== Required action ==
Working from the entries that follow, retype each one without any alteration.

== Listed entries ==
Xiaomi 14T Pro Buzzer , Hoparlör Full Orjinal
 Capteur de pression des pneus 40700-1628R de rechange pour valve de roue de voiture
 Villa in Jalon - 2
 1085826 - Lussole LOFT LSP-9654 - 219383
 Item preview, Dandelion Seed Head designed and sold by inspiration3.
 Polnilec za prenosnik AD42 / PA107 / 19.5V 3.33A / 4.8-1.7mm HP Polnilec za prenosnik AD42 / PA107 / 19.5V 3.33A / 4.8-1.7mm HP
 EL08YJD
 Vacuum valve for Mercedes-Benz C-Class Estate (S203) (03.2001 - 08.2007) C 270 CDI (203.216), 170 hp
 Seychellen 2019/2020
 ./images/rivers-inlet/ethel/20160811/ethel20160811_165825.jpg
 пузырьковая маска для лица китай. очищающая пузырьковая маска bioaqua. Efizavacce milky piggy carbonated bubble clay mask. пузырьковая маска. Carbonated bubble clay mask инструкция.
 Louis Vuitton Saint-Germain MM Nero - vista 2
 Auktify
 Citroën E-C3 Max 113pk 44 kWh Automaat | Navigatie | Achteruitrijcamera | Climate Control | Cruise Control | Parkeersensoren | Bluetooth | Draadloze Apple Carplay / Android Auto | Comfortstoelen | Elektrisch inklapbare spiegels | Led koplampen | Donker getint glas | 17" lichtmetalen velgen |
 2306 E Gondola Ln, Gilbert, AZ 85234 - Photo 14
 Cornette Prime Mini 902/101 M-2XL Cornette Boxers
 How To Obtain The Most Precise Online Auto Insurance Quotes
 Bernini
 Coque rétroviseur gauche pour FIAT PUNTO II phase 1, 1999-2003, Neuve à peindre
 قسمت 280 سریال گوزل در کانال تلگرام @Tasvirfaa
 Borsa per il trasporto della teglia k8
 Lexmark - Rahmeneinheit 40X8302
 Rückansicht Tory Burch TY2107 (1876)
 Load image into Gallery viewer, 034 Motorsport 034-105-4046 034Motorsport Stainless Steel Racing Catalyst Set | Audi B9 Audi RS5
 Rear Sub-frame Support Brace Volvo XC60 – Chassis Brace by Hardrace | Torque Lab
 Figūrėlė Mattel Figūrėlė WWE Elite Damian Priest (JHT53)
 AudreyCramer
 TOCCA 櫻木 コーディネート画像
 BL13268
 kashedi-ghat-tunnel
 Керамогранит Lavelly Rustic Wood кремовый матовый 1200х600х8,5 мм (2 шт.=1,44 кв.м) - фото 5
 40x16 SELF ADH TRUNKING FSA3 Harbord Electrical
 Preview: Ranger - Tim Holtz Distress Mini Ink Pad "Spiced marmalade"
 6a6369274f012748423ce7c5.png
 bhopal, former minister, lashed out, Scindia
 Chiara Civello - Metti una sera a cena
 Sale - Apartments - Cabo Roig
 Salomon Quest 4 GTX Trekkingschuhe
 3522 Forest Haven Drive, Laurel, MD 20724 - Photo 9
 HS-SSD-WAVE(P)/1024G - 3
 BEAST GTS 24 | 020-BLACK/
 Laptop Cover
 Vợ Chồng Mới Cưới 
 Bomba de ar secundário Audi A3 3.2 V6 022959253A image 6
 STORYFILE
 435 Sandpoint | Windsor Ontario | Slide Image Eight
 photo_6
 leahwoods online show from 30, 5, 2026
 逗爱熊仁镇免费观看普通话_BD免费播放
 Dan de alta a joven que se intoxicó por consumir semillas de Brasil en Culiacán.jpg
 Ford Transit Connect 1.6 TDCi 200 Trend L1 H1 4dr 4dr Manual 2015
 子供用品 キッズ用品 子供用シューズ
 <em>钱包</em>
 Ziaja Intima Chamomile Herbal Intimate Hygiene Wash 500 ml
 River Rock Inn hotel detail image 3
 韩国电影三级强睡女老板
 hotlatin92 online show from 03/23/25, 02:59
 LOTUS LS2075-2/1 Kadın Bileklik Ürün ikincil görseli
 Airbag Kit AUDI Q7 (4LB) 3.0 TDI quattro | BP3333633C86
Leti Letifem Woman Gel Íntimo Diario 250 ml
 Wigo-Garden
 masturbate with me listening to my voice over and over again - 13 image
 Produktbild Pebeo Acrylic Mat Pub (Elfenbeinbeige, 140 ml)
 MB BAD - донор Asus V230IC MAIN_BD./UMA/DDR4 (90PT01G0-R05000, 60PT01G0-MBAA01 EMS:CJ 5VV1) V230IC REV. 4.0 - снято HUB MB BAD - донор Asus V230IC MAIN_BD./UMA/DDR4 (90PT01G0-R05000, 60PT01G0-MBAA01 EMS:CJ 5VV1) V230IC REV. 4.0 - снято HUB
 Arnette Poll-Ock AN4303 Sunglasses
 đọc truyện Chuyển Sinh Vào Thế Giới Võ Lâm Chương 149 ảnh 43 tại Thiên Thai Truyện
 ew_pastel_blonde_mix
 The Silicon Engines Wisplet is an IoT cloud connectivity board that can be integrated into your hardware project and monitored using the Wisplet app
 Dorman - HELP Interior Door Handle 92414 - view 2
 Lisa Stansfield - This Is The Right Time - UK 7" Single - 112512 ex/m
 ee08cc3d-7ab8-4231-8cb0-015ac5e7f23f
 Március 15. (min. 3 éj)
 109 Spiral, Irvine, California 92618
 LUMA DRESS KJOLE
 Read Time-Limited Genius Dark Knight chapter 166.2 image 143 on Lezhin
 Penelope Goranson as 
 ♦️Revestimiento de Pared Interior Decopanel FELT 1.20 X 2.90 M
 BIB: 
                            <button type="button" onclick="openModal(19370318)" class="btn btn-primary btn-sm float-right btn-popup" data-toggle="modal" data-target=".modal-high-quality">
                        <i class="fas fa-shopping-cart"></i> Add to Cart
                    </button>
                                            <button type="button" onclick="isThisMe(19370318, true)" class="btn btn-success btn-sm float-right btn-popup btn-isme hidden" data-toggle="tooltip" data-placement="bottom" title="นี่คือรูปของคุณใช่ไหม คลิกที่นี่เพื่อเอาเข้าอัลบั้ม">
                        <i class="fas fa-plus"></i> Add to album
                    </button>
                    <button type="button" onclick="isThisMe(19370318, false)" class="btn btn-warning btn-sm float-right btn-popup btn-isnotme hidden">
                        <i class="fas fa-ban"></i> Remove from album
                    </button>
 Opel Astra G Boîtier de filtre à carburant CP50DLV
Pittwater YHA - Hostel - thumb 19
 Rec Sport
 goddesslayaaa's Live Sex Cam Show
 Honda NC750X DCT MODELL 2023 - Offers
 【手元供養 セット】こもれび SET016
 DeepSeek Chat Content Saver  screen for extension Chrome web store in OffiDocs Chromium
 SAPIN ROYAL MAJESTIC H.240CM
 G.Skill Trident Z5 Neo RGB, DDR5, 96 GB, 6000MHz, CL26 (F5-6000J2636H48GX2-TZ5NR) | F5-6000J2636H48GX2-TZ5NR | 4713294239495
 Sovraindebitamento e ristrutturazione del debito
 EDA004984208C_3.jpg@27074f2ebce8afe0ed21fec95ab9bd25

== Task answer ==
Xiaomi 14T Pro Buzzer , Hoparlör Full Orjinal
 Capteur de pression des pneus 40700-1628R de rechange pour valve de roue de voiture
 Villa in Jalon - 2
 1085826 - Lussole LOFT LSP-9654 - 219383
 Item preview, Dandelion Seed Head designed and sold by inspiration3.
 Polnilec za prenosnik AD42 / PA107 / 19.5V 3.33A / 4.8-1.7mm HP Polnilec za prenosnik AD42 / PA107 / 19.5V 3.33A / 4.8-1.7mm HP
 EL08YJD
 Vacuum valve for Mercedes-Benz C-Class Estate (S203) (03.2001 - 08.2007) C 270 CDI (203.216), 170 hp
 Seychellen 2019/2020
 ./images/rivers-inlet/ethel/20160811/ethel20160811_165825.jpg
 пузырьковая маска для лица китай. очищающая пузырьковая маска bioaqua. Efizavacce milky piggy carbonated bubble clay mask. пузырьковая маска. Carbonated bubble clay mask инструкция.
 Louis Vuitton Saint-Germain MM Nero - vista 2
 Auktify
 Citroën E-C3 Max 113pk 44 kWh Automaat | Navigatie | Achteruitrijcamera | Climate Control | Cruise Control | Parkeersensoren | Bluetooth | Draadloze Apple Carplay / Android Auto | Comfortstoelen | Elektrisch inklapbare spiegels | Led koplampen | Donker getint glas | 17" lichtmetalen velgen |
 2306 E Gondola Ln, Gilbert, AZ 85234 - Photo 14
 Cornette Prime Mini 902/101 M-2XL Cornette Boxers
 How To Obtain The Most Precise Online Auto Insurance Quotes
 Bernini
 Coque rétroviseur gauche pour FIAT PUNTO II phase 1, 1999-2003, Neuve à peindre
 قسمت 280 سریال گوزل در کانال تلگرام @Tasvirfaa
 Borsa per il trasporto della teglia k8
 Lexmark - Rahmeneinheit 40X8302
 Rückansicht Tory Burch TY2107 (1876)
 Load image into Gallery viewer, 034 Motorsport 034-105-4046 034Motorsport Stainless Steel Racing Catalyst Set | Audi B9 Audi RS5
 Rear Sub-frame Support Brace Volvo XC60 – Chassis Brace by Hardrace | Torque Lab
 Figūrėlė Mattel Figūrėlė WWE Elite Damian Priest (JHT53)
 AudreyCramer
 TOCCA 櫻木 コーディネート画像
 BL13268
 kashedi-ghat-tunnel
 Керамогранит Lavelly Rustic Wood кремовый матовый 1200х600х8,5 мм (2 шт.=1,44 кв.м) - фото 5
 40x16 SELF ADH TRUNKING FSA3 Harbord Electrical
 Preview: Ranger - Tim Holtz Distress Mini Ink Pad "Spiced marmalade"
 6a6369274f012748423ce7c5.png
 bhopal, former minister, lashed out, Scindia
 Chiara Civello - Metti una sera a cena
 Sale - Apartments - Cabo Roig
 Salomon Quest 4 GTX Trekkingschuhe
 3522 Forest Haven Drive, Laurel, MD 20724 - Photo 9
 HS-SSD-WAVE(P)/1024G - 3
 BEAST GTS 24 | 020-BLACK/
 Laptop Cover
 Vợ Chồng Mới Cưới 
 Bomba de ar secundário Audi A3 3.2 V6 022959253A image 6
 STORYFILE
 435 Sandpoint | Windsor Ontario | Slide Image Eight
 photo_6
 leahwoods online show from 30, 5, 2026
 逗爱熊仁镇免费观看普通话_BD免费播放
 Dan de alta a joven que se intoxicó por consumir semillas de Brasil en Culiacán.jpg
 Ford Transit Connect 1.6 TDCi 200 Trend L1 H1 4dr 4dr Manual 2015
 子供用品 キッズ用品 子供用シューズ
 <em>钱包</em>
 Ziaja Intima Chamomile Herbal Intimate Hygiene Wash 500 ml
 River Rock Inn hotel detail image 3
 韩国电影三级强睡女老板
 hotlatin92 online show from 03/23/25, 02:59
 LOTUS LS2075-2/1 Kadın Bileklik Ürün ikincil görseli
 Airbag Kit AUDI Q7 (4LB) 3.0 TDI quattro | BP3333633C86
Leti Letifem Woman Gel Íntimo Diario 250 ml
 Wigo-Garden
 masturbate with me listening to my voice over and over again - 13 image
 Produktbild Pebeo Acrylic Mat Pub (Elfenbeinbeige, 140 ml)
 MB BAD - донор Asus V230IC MAIN_BD./UMA/DDR4 (90PT01G0-R05000, 60PT01G0-MBAA01 EMS:CJ 5VV1) V230IC REV. 4.0 - снято HUB MB BAD - донор Asus V230IC MAIN_BD./UMA/DDR4 (90PT01G0-R05000, 60PT01G0-MBAA01 EMS:CJ 5VV1) V230IC REV. 4.0 - снято HUB
 Arnette Poll-Ock AN4303 Sunglasses
 đọc truyện Chuyển Sinh Vào Thế Giới Võ Lâm Chương 149 ảnh 43 tại Thiên Thai Truyện
 ew_pastel_blonde_mix
 The Silicon Engines Wisplet is an IoT cloud connectivity board that can be integrated into your hardware project and monitored using the Wisplet app
 Dorman - HELP Interior Door Handle 92414 - view 2
 Lisa Stansfield - This Is The Right Time - UK 7" Single - 112512 ex/m
 ee08cc3d-7ab8-4231-8cb0-015ac5e7f23f
 Március 15. (min. 3 éj)
 109 Spiral, Irvine, California 92618
 LUMA DRESS KJOLE
 Read Time-Limited Genius Dark Knight chapter 166.2 image 143 on Lezhin
 Penelope Goranson as 
 ♦️Revestimiento de Pared Interior Decopanel FELT 1.20 X 2.90 M
 BIB: 
                            <button type="button" onclick="openModal(19370318)" class="btn btn-primary btn-sm float-right btn-popup" data-toggle="modal" data-target=".modal-high-quality">
                        <i class="fas fa-shopping-cart"></i> Add to Cart
                    </button>
                                            <button type="button" onclick="isThisMe(19370318, true)" class="btn btn-success btn-sm float-right btn-popup btn-isme hidden" data-toggle="tooltip" data-placement="bottom" title="นี่คือรูปของคุณใช่ไหม คลิกที่นี่เพื่อเอาเข้าอัลบั้ม">
                        <i class="fas fa-plus"></i> Add to album
                    </button>
                    <button type="button" onclick="isThisMe(19370318, false)" class="btn btn-warning btn-sm float-right btn-popup btn-isnotme hidden">
                        <i class="fas fa-ban"></i> Remove from album
                    </button>
 Opel Astra G Boîtier de filtre à carburant CP50DLV
Pittwater YHA - Hostel - thumb 19
 Rec Sport
 goddesslayaaa's Live Sex Cam Show
 Honda NC750X DCT MODELL 2023 - Offers
 【手元供養 セット】こもれび SET016
 DeepSeek Chat Content Saver  screen for extension Chrome web store in OffiDocs Chromium
 SAPIN ROYAL MAJESTIC H.240CM
 G.Skill Trident Z5 Neo RGB, DDR5, 96 GB, 6000MHz, CL26 (F5-6000J2636H48GX2-TZ5NR) | F5-6000J2636H48GX2-TZ5NR | 4713294239495
 Sovraindebitamento e ristrutturazione del debito
 EDA004984208C_3.jpg@27074f2ebce8afe0ed21fec95ab9bd25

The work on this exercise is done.